Written and directed by Kenji Uchida, A Stranger of Mine begins with what I thought would have made it a fine romantic film. Maki (Reika Kirishima) decides to leave her cheating fiance, and pawns her engagement ring for 3500 Yen. Literally packing up all her troubles in an old kit bag, she wonders about town alone and dejected, wallowing in self pity before finally ending up in a restaurant where Kanda (So Yamanaka) is reminding Miyata (Yasuhi Nakamura) that age is catching up on the latter and that he should forget about Ayumi (Yuka Itaya) the girl who had dumped him. A coincidental meeting of someone from the opposite sex is just about never going to happen to people over 30 years of age and to create an opportunity for his friend, Kanda gets Maki to sit with them before he disappears, leaving the two strangers to sink or swim with their new found acquaintance.
So begins what would be an episode of emotional connection through awkward conversations going nowhere before some certainty in a friendship emerges, and from then on I thought it's about two broken, lonely souls connecting and rediscovering the beauty of being in a relationship should they take the leap of faith together. In some ways their conversations around town hints at Richard Linklater's Before Sunrise/Sunset, and some of the most beautiful love stories can actually happen in the simplest fashion with two interacting lead characters when their conversational pieces strike a chord emotionally between themselves and with an audience who identify with the topics at hand.
Hold you horses, buster, it is not this film! Uchida throws all that romanticism out of the window, and opts for a filmic romanticism of the non-linear narrative, where this film is not about two lonely, broken souls, but about 5 persons in total, offering a lot more to the entire story with the respective character arcs that enriches the entire story unfolding a series of events in 24 hours, giving us the expose on who the characters actually are, probing their intent and providing a multi-faceted look at their motivations, some uncanny, mostly comedic, some hopeful, while others scheming.
I'm all for non-linear narrative films, and am a sucker for them actually because of the way the filmmaker keeps you in suspense for the most parts, before slowly revealing the plot in a way that adds a little something to the film. This revelation doesn't need to be linear as well, and has to be done with skill so that the individual segments still made sense, is self-contained to tell a sub-story, and yet easy enough for an audience to pick up on certain cues meant to glue the rest of the segments together. Uchida succeeds on all counts, and what finally got delivered is a romantic comedy with characters we care for, even if they are fearsome gangsters, scheming fatales or wimpy nerds.

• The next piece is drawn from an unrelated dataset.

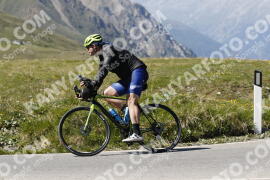 Foto #3225407 | 25-06-2023 16:14 | Passo Dello Stelvio - die Spitze BICYCLES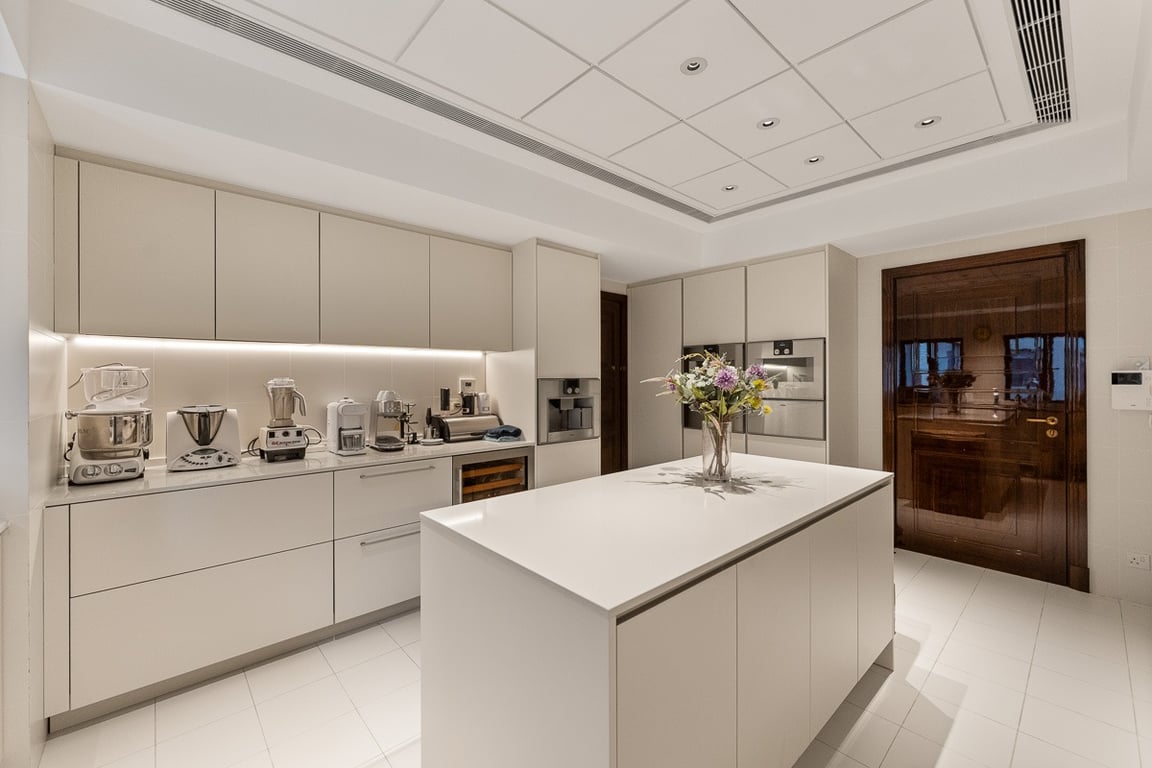 https://img.propertyraptor.com/cdn-cgi/imagedelivery/KD5bF_AFL0JDTbKLWF7z9g/ap8/ap8_001/hornet/prp/img/1b5941048c821623c5bb75616d3d443e-wtm.jpg/public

Just what about happens in the rest of the film best remains to be experienced yourself, so I'm going to keep mum about it. But I assure you that after Fish Story, this merits itself as one of the highlights of the festival experience thus far, and I'd enjoy a good madcap caper or two that demonstrated how the most innocuous of intent, with that proverbial suitcase of money and the necessity of Asian society and in general people across the board, to place a premium on face, and the saving of it. Certainly these were elements enough for Uchida to imaginatively craft a tale out of, and out came this superb film as a result.
As a character mentioned early in the film that nothing is coincidental, take it as a cue of what is on offer in the film, where you'd come to appreciate the intricacies of the storyline where every incident happens with purpose, makes sense and provides a lot of fun when the cat is let out of the bag, right up until the end credits, and more. It worked perfectly when a friend quipped “like that only ah”” and the end credit surprise came up for that coda. Made his day, and mine definitely.